§ **Instructions for the task**:
Repeat the data exactly as given below, dropping every picture.

§ **Provided material**:
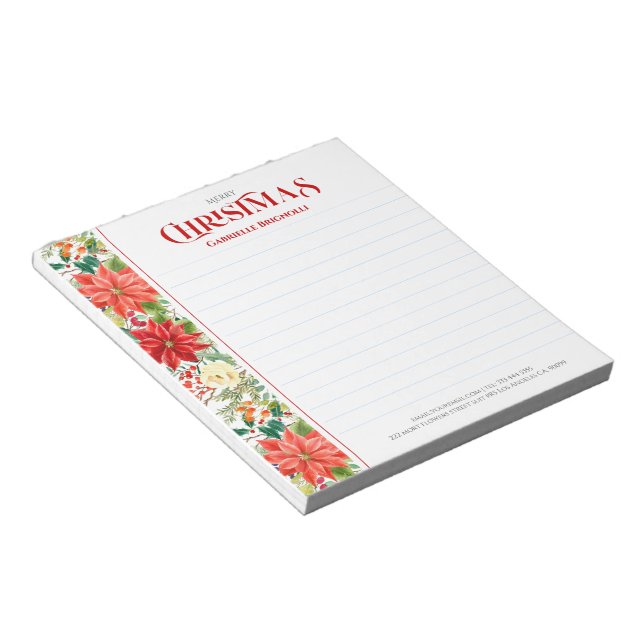 Christmas poinsettia and flowers border notepad (Angled)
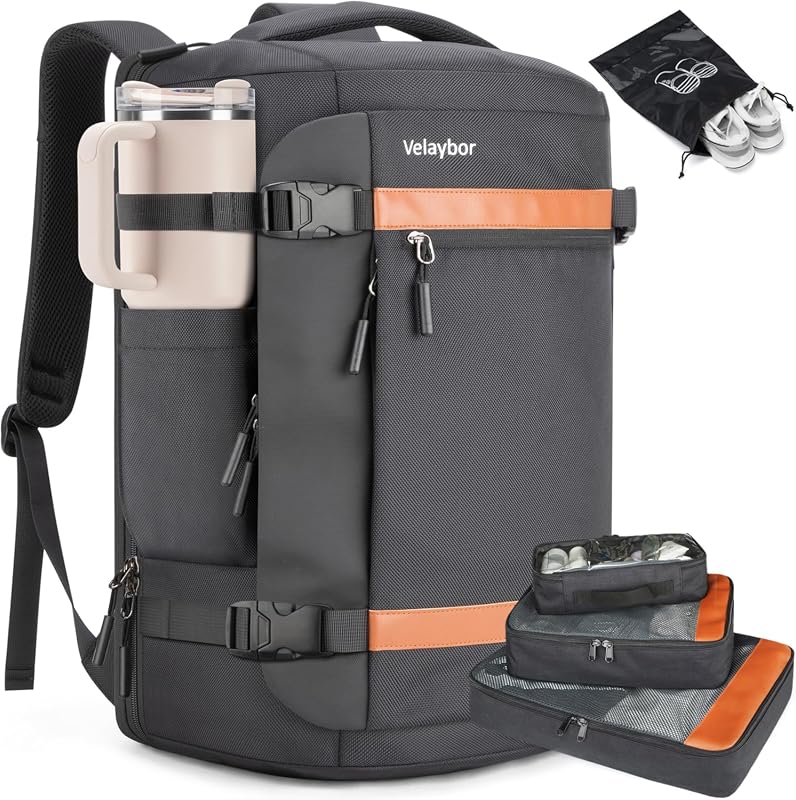 42L Carry On Travel Backpack with 4 Packing Cubes, TSA Friendly, Fligh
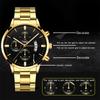 Fashion Men Gold Stainless Steel Watch Luxury Calendar Quartz Wrist Watch Mens Business Watches for Man Clock Reloj Hombre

§ **Answer section**:
 Christmas poinsettia and flowers border notepad (Angled)
 42L Carry On Travel Backpack with 4 Packing Cubes, TSA Friendly, Fligh
 Fashion Men Gold Stainless Steel Watch Luxury Calendar Quartz Wrist Watch Mens Business Watches for Man Clock Reloj Hombre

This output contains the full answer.